そんなVRコマースについて、本記事ではその概要やメリット、課題、具体事例などを紹介していきます。
【VR×ECサイト】VRコマースとは?
「VRコマース」とは、オンラインショッピングにVRを活用する形態のこと。
仮想世界に再現された本物そっくりの店舗で、リアルなショッピング体験を自宅にいながら楽しめるとあって注目を集めています。
VRコマースの市場規模
リサーチ会社IDC Japanの調査によると、世界のAR/VRのハードウェア・ソフトウェア・関連サービスを合計した支出額と見通しは以下のとおり。
2018年:9,600億円
2019年:1.8兆円
↓
2023年:17兆3,000億円
年間の平均成長率は78.3%にもなるそうです。
さらに新型コロナ騒動も相まって、VRコマースは世界的に重要なトレンドとなっており、EC業界の中でもひときわ存在感を示すことが予想されます。
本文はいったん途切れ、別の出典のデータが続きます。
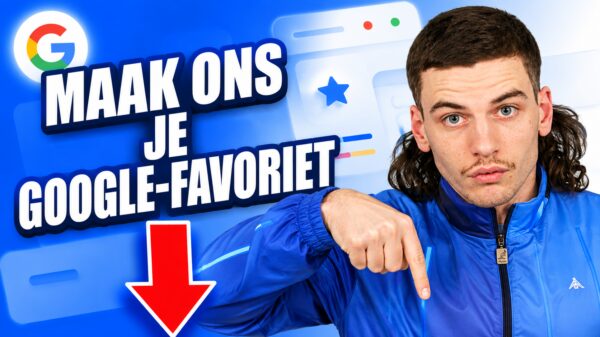 Geen zin om elke dag te zoeken naar je dagelijkse dosis vermaak?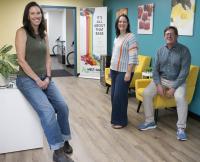 Northampton’s Melt-to-Make finds sweet spot in cannabis gummy market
出典:IDC Japan/Worldwide Semiannual Augmented and Virtual Reality Spending Guide 2018H2
【VR×ECサイト】VRコマースのメリット
次に、VRコマースのメリットを3つ紹介します。
実店舗でなくとも具体的な商品イメージを持ってもらえる
仮想のショップを作り出すため、VRコマースでは画像や文章、動画よりも詳細な情報を顧客へ提供できます。本来は実店舗でしかできなかった、店員による丁寧な接客も可能です。
これにより、従来のECサイトとは比べ物にならないほど具体的な商品イメージを持ってもらえます。「実際はどうなんだろう?」という顧客の疑問を払拭しやすくなり、購入率アップへつながるのです。
昨今では、家具や家電を自宅に配置したり、服を試着したりできるサービスも登場しています。
新たな購買体験を提供でき、SNSでの拡散などを期待できる
VRでは、本物さながらの環境を再現すると同時に、VRにしかできない演出も可能です。実店舗でも従来のECでもない、新たな購買体験を提供できるわけです。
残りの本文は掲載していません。